[GOAL OF THE EXERCISE]
Produce again, without any change, the lines running from the one with "A sheer gray" through the final line of the data below, and only those.

[DATASET]
::::
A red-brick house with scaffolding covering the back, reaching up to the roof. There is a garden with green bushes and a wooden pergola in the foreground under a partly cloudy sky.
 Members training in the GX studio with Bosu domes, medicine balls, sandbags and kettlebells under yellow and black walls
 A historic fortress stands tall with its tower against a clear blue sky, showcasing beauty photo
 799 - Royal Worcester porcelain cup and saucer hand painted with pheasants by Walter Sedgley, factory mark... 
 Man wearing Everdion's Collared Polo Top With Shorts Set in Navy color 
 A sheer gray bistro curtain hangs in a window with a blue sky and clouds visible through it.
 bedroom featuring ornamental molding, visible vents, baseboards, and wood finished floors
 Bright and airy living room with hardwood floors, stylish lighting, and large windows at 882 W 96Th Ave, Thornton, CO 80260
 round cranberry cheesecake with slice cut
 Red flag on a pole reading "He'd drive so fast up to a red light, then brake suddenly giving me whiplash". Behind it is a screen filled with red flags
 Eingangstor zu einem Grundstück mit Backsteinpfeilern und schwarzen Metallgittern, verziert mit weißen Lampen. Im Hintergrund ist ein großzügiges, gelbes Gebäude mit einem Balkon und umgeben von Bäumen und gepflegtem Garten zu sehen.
::::
[RESULT OF THIS EXERCISE]
 A sheer gray bistro curtain hangs in a window with a blue sky and clouds visible through it.
 bedroom featuring ornamental molding, visible vents, baseboards, and wood finished floors
 Bright and airy living room with hardwood floors, stylish lighting, and large windows at 882 W 96Th Ave, Thornton, CO 80260
 round cranberry cheesecake with slice cut
 Red flag on a pole reading "He'd drive so fast up to a red light, then brake suddenly giving me whiplash". Behind it is a screen filled with red flags
 Eingangstor zu einem Grundstück mit Backsteinpfeilern und schwarzen Metallgittern, verziert mit weißen Lampen. Im Hintergrund ist ein großzügiges, gelbes Gebäude mit einem Balkon und umgeben von Bäumen und gepflegtem Garten zu sehen.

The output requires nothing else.